Ben Smith, Maxim Integrated

October 06, 2014

Ben Smith, Maxim IntegratedOctober 06, 2014

Editor's note: This article, third in a series of articles on the basics of electronic security, looks at security in transit. The author explains how to assess the “chain” that links the various parts of a network message path and how to ensure that data is secure. The first two articles in this series are
Part 1: What does security really mean? and Part 2: Tampering with easy targets.


There is one way to absolutely, positively guarantee that someone will receive a message intact, unadulterated, authenticated, and observed by no unauthorized party. Just copy the message to a physical medium, lock it in a sturdy briefcase, handcuff the briefcase to your own wrist, and board a plane. Best of luck at the security gate.

When you arrive at your destination, remove the briefcase from your wrist, unlock it, and present the message to your intended recipient. You can be assured that nobody else has seen it. Your recipient can be assured that the message is authentic. While you are there, find a comfortable meeting room and discuss the contents of the message, the weather, Italian restaurants—whatever you like. You have a little time before your flight home.
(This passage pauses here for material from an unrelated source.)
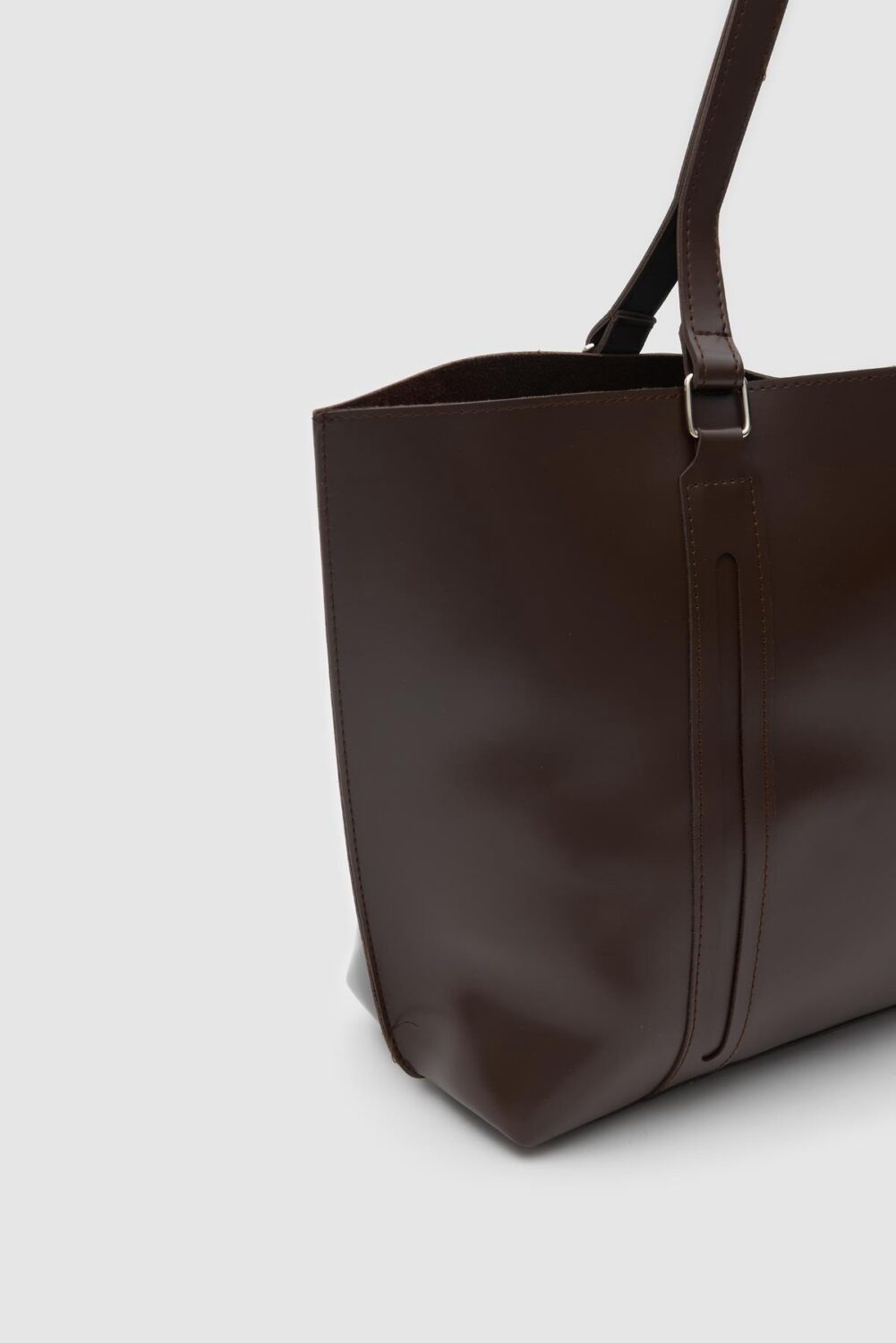 Kylie Marron + Trousse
Use any other method for transmitting a message, and your message is at risk. Someone may intercept it and discover its contents. Or intercept your message and substitute it with one of their own. Or, intercept your message and block its transmission.

These three threats—disclosure of a secret message, alteration in transit, or blocking its transmission entirely—are the primary threats to any secure system. Protecting against these threats form what is known as the “CIA Triad.”[1] The term has nothing to do with the U.S. Central Intelligence Agency. Instead, the letters stand for Confidentiality, Integrity, and Availability. Any secure messaging system must protect confidentiality, provide integrity, and always be available when needed.

The problem is this: any time you employ a medium to transmit your message, you lose control, however temporarily, of that message. Write a letter, send an email, make a phone call. As soon as the message leaves you, you have relinquished control of it. We understand in theory that someone might intervene to take our message, but do we really care?

We now know that many of our electronic messages are at risk of routine, low-level snooping. And it is not just governments that do this. Businesses are archiving email messages, and some are routinely scanning inbound and outbound email to ensure that corporate secrets remain secret. Even if it is surprising, none of this is necessarily a nefarious thing.

But the time will come when each of us has news that we want to keep private. It is then and there that we care strongly about security. But in fact, the time to think about security is before you need it.

This article is the third part in a series on electronic security. In Part 1 we discussed the basic definition of security, when physical locks are less important than logical and virtual “fences.” In Part 2 we dissected the meaning and processes of tampering.

In this article we do not look at the specific cryptographic algorithms involved in electronic security. We assume, until proven wrong, that properly implemented instances of (for example) AES for encryption and ECDSA for signatures are sufficiently robust to deter essentially all potential opponents.

Instead, here we examine security in transit; we assess the “chain” that links the various parts of a secure message path.

Understanding the networking model
Before we delve into system security, we need to understand the network itself.

In the early 1980s, standards organizations created what became known as the Open Systems Interconnection Reference Model (the “OSI Model”)[2]. In this model, data networks were seen as a collection of seven layers, ranging from the physical layer of wires and radio signals at the bottom to the user application at the top. The concepts embodied in the model have proven extremely useful and help us understand what is happening at any point in the journey that a message takes from sender to recipient.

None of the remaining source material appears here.